Boyle attorney applies for new ‘rocket docket’ grant
New Boyle County Attorney Chris Herron says he has applied for a $15,000 grant for a “rocket docket” program in Boyle County.
The county has previously had a rocket docket program, but Herron said he doesn’t believe the county reapplied for funding in 2018. Now, he hopes to land a new rocket docket grant from the Prosecutors Advisory Council in 2019.
Herron said he got the application in on the last day before the window closed — Friday, Jan. 11. He had taken office the Monday before, so he had to act swiftly. Before he filed the application, he said he met with Circuit Court Judge Darren Peckler and Commonwealth’s Attorney Richie Bottoms because “there was no use applying” if Peckler wasn’t interested in using the program.
Herron said the meeting went well and Peckler gave him enough positive feedback that he filed the application. He doesn’t yet know when he might hear if Boyle County will receive the funding.

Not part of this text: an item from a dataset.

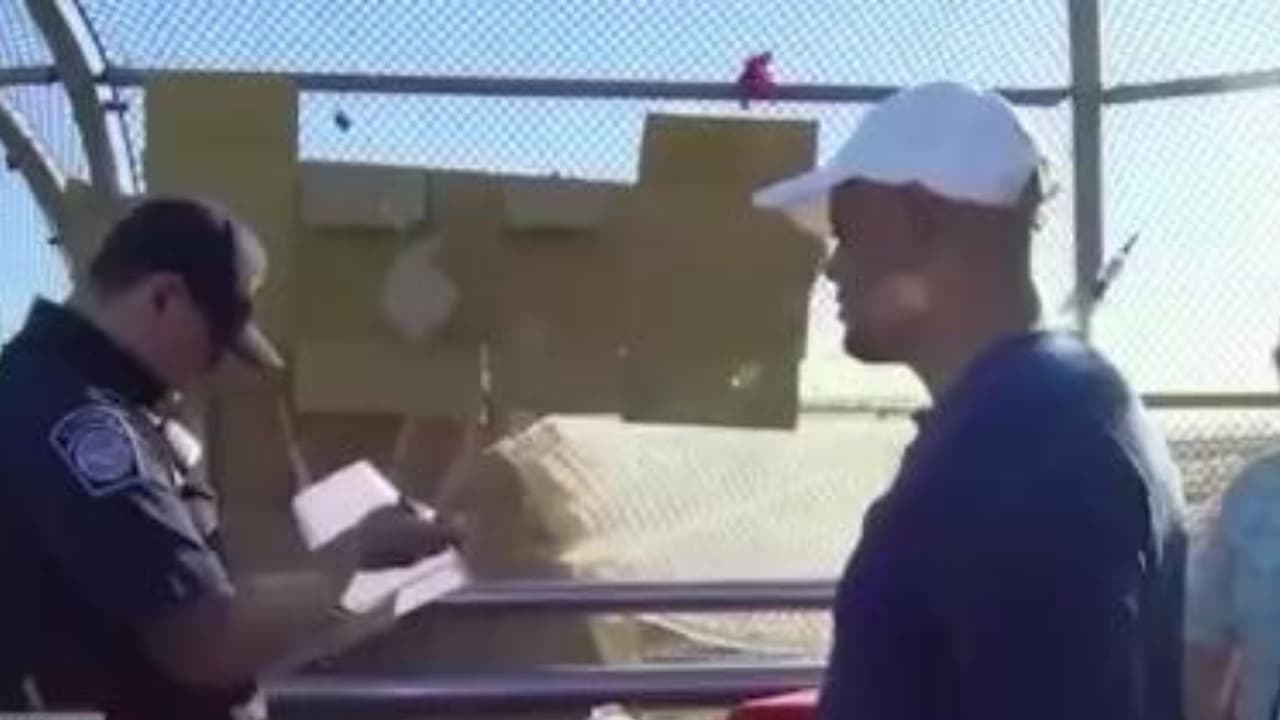Arrestan a hispano en Arizona por no apuntarse en el registro de inmigrantes de USCIS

Even if Boyle doesn’t get the grant, however, Herron said he would like to implement a more limited rocket docket program. The $15,000 grant would pay for extra hours of work by the county attorney’s staff to process the additional paperwork.
Rocket docket programs are intended to speed up criminal case processing by allowing defendants to plead guilty more quickly and resolve cases, potentially lightening caseloads on the judicial system. Herron said his rocket docket program would specifically target drug-related cases in hopes of moving defendants out of the criminal justice system and into treatment as quickly as possible.

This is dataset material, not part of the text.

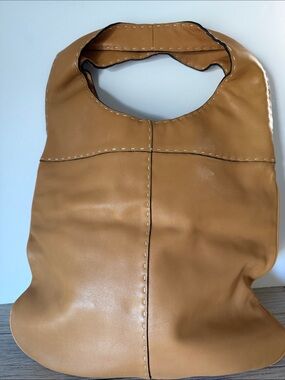 Women's Tan Leather Hobo Bag - Classic Everyday Style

The rocket docket program could potentially cut what is currently a “three-or four-month process” for a drug case down to a matter of weeks, Herron said.

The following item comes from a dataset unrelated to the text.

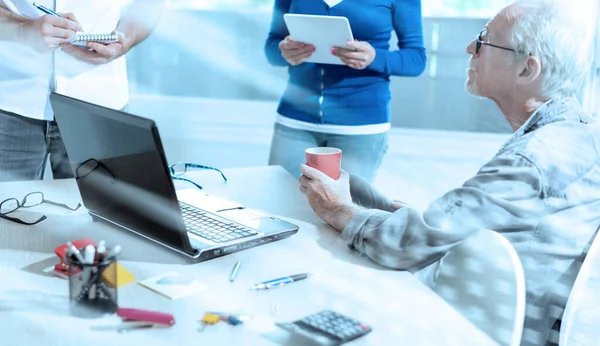 Medarbetare Som Har Affärsdiskussion Ämbetet Ljuseffekt — Stockfoto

Once someone in the program bypassed grand jury indictment and pleaded guilty, they would hopefully be offered diversion by entering a drug treatment program, Herron said. Once they completed drug treatment, they could be released under terms often called “five for five” — they would have “five years in prison hanging over their heads” for five years, an incentive not to return to drugs or crime, Herron said.
If a participant makes it all five years, they could have the charge against them dismissed.
Herron said he hopes as many as 50-75 people could utilize the program every year.
Boyle County last launched a rocket docket program in the fall of 2017. The county received a $15,000 grant at that time, as well, according to news archives.
Then-Boyle County Attorney Lynne Dean, whom Herron defeated in November’s general election, said at the time she had received “the OK” from Peckler to implement the program.
Dean said the rocket docket program would “start small and (we’ll) see how it goes,” but she was optimistic because “(District) Judge (Jeff) Dotson and Judge Peckler are both willing to participate in that program, which is a huge deal.”
Dean said she hoped her rocket docket program could help speed up as many as 120 cases a year.
According to a recently completed study of the local criminal justice system and jail, the rocket docket program “was intended to expedite the adjudicatory process for certain cases.” But after the program was created in the fall of 2017, Peckler signed an order requiring bench warrants with no bond for all individuals who are selected for the rocket docket program.
“As a result, the rocket docket has been very minimally utilized,” the report states. “Interviews of attorneys in Boyle County found that they discourage their clients from pursuing the rocket docket options.”
Peckler could not be reached for comment.